The impressive Moorish castle of Olvera was built during the late 12th century to defend the border of the Nasrid Emirate of Granada against the Kingdom of Castile, and the medieval town of Olvera grew up around it. The hills surrounding this white village are full of olive groves – 2 billion of them in fact – and the oil they produce is said to be the best in Andalucía. The town now supports more family-run farming cooperatives than anywhere else in Spain. There are so many sights to see in this town – the Arab castle, the Moorish wall, the Casco Antigua (old town), La Plaza de Andalucía (also called La Alameda– tree lined area), el Peñón del Sagrado Corazón de Jesús (the Rock of the Sacred Heart of Jesus – a rock garden full of flowers, birds and animals), El Santuario de Nuestra Señora de Los Remedios (The Sanctuary of Our Lady of the Remedies – 2 km from the town centre) and El Monasterio de Caño Santos (a majestic restored monastery located 7 km from Olvera).
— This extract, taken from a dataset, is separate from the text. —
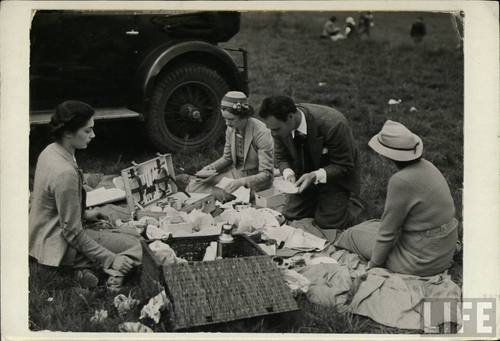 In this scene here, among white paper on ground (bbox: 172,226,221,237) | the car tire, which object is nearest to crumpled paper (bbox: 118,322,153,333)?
white paper on ground (bbox: 172,226,221,237)

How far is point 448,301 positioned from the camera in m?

There’s also a gigantic rock outcrop 14km to the northwest of the town centre, Peñon de Zaframagón, which has a huge colony of griffon vultures. Until the mid-19th century it used to be a bandit refuge, there is even a famous Andaluz saying: “Kill your man and flee to Olvera!”
Grazalema, situated within the Sierra de Grazalema Natural Park, is famous for being the wettest place in Spain. This stunning region of natural beauty, popular with hikers, is dominated by the awesome rocky outcrop known as Peñon Grande– you won’t be able to take enough photos of this incredible backdrop to the village. The village was established in Moorish times by Berber settlers who felt right at home in these mountains which were so similar to their homeland. A unique microclimate allows for a huge range of flora to flourish here, including pinsapo, the Spanish fir, which is considered the Andalusian National Tree. On arrival head for the Plaza de España where there are a plethora of bars and restaurants and make sure you buy one of the famous mantas de Grazalema– woollen blankets that have been made in the village since before the 1400’s. Other locally produced items to buy are leather goods, baskets, honey, cheese and wine. If you visit during the summer time make a point of cooling off in the local pool (on the eastern edge of the village) where you have a fabulous view over the Sierra.